And here we find the lie. While these aggregates Games Workshop’s dataset may be accurate, we know that there’s performance data missing. If we want to have a nuanced, thoughtful discussion about game balance, we still need to know at minimum:
- Sub-faction win rates: Are any sub-factions particularly problematic (the answer to this question is yes)
- Faction and sub-faction Player Population: Are player migrating to the problematically strong factions and away from the under-performers (the answer to this question is yes)
- Within Event Performance: Which factions are over-represented as potential event winners? Which are over-represented as actual event winners?
Subfaction Win Rates
Going back to the last Metawatch article, we see that the Adeptus Astartes sit at a 47% win rate. That’s not the whole story. If we look at Stat Check’s Meta Data Dashboard for the same period, we see quite disparate performance among the Astartes Sub-Factions in GT+ events.*
We knew that Dark Angels were doing well, but Iron Hands are also over-performing! With a win-rate of 57.8%, they also have an OverRep score of 1.59, meaning that they appeared in the top 4 of events 59% more often than we would expect given their player population. They outright won 2 events in the Arks meta leading up to February 12th, and were the 10th most popular faction among GT+ event attendees. That is problematically good performance from a relatively popular faction.
Let’s go one step further down into the sub-factions contained within the Iron Hands Sub-Faction.

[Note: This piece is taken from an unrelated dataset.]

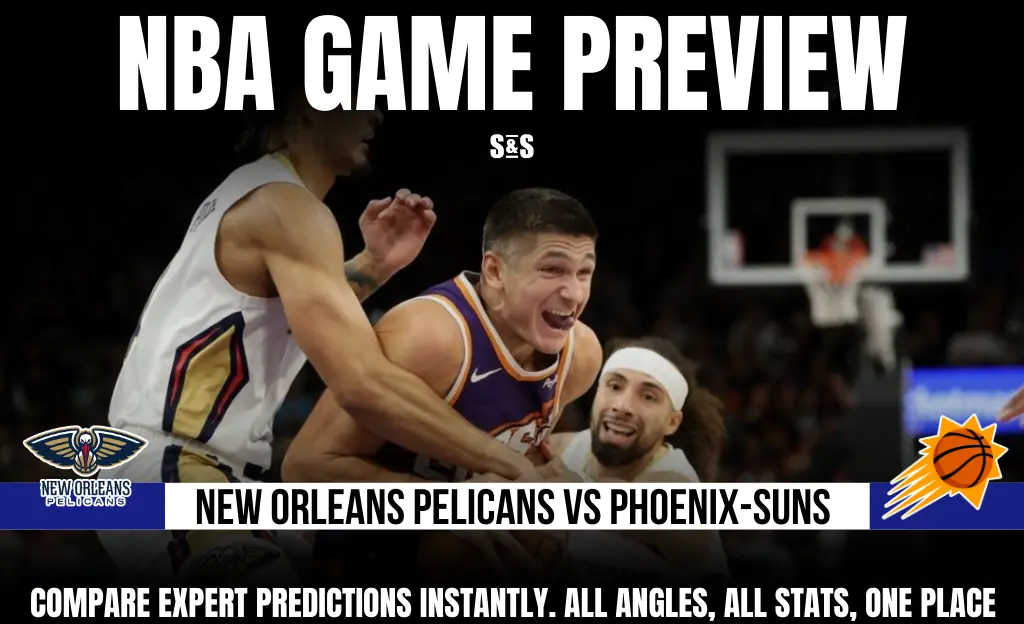 GAME PREVIEW New Orleans Pelicans vs Phoenix suns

That is stark. The majority of the Iron Hands player population is going with the Chapter as-is, no notes, and achieving an overall win-rate of 51%. However, the 22% of players that choose the custom traits Master Artisans and Whirlwind of Rage hit a very impressive (and very problematic) 71% win rate during the same span. If we stopped looking at the Adeptus Astartes level, we would have no idea that Iron Hands were doing so well. Further, if we stopped looking at the Iron Hands level, we’d have no idea that the combination of Master Artisans and Whirlwind of Rage was leading to such outsized results among a substantial portion of their player population.
On the other end of the spectrum, the White Scars, Crimsons Fists, Imperial Fists, and Deathwatch all sat below the 40% win rate mark, with no apparent hidden gems of sub-faction performance:
With a bit more digging, we’ve gone from the understanding that the Adeptus Astartes are balanced, with a 52% overall win rate (huzzah!) to a much more accurate understanding of loyalist Astartes’s place in the Arks meta:
- On the top end, Iron Hands are wildly overperforming, and the Master Artisans custom trait is playing a large role in that performance.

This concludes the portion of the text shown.